Americans spend an average of 11 hours a day connected to media! This is the average adult, not just teenagers or internet geeks. Social media is powerful because it allows access to consumer masses – ideally leveraging their networks and credibility to re-broadcast the message.
Social is earned media – more powerful and credible because it can’t be bought. Think about the purchasing decisions you make – would you be more likely to be influenced by our friends telling you that they love a product and recommend it for you or a celebrity posing with the product? Image is important, so celebrity endorsements are here to stay. Advice from friends has always been around and has always been powerful. But it’s only now, through social, that its potential is being unlocked.
Social media is enabling individuals to easily tap into the collective wisdom of their trusted personal networks. For instance, you could always ask a bunch of friends what music they’re listening to in order to discover new music you might like – but you’d literally have to call each one individually, tell them the genre you’re interested in, etc. It is too time-consuming to be practical. Consumers look to Pandora stations, Spotify playlists, Facebook music “likes,” etc to discover new music. Social is becoming more and more powerful as a source of credible information for consumers looking to make informed purchase decisions. And that’s why this matters so much.
Retailers are already recognizing this and pursuing it. Broadcast advertising isn’t what it used to be. Consumers are too fragmented and typically demand to actively participate in the conversation. They aren’t interested in sitting back passively and being broadcasted to; so businesses are increasingly relying on social to get their messages across and keep the conversations going.
There are huge marketing applications for the vending channel –
- Coupons – digital type, automatically redeemed through scan or tap.
- Locations – using smartphone to find what they’re looking for. This isn’t necessarily a specific outlet (e.g., McDonald’s). It could also be a category or even just a deal (e.g., use Scoutmob to find a restaurant deal near me).
- Product reviews and pricing – for vending this could be nutritional information or brand-associated programs (e.g., Olympics or other linked marketing asset)
- Loyalty – must be automatic and easy. No punch cards. CVS does this well, we’re rolling out a Coke MCR-based loyalty program that combines credit for home case purchases and vends for redemption at venders as well as through the MCR website.
- Currency – tons of activity here. There is a big opportunity for vending is to leapfrog. We have the chance to take 2-3 steps at a time (by upgrading once to a device that accepts cards, NFC, and mobile app payments like Paypal).
- Social – share feedback on experiences and the choices that they’re making. Consumers are looking for increased “groupthink” validation for the decisions that they’re making.
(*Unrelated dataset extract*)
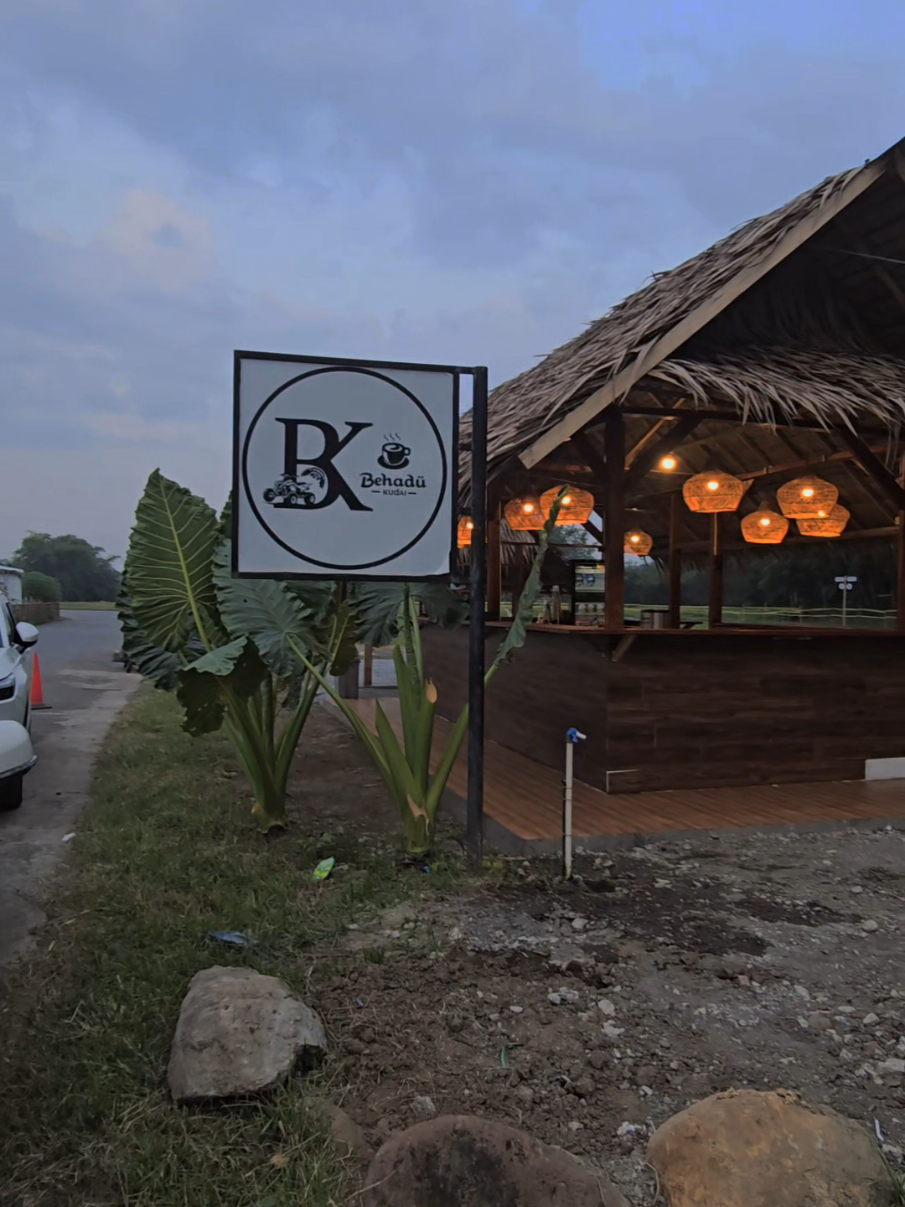 hiburan ATV ADVANTURE di cafe BEHADU KUDAI ulak lebar lahat kini telah dibuka kembali untuk kluarga yang nak liburan silahkan datang ke ulak lebar lahat. lokasi ade di maps vidio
Retailers are aggressively rolling out new solutions to accommodate these new shopping expectations. Vending must do the same, or it will be left disconnected and irrelevant. The Vending industry faces challenges with capital availability and low revenue per shopper terminal. But, Vending has a huge opportunity because upgrades are already desperately needed for IVS and cashless payment systems. Additional incremental investment to accommodate additional consumer needs is minor. Vending is also in a good spot because digital consumers naturally bias toward the unattended transaction. They’d rather interact with a kiosk than with a person.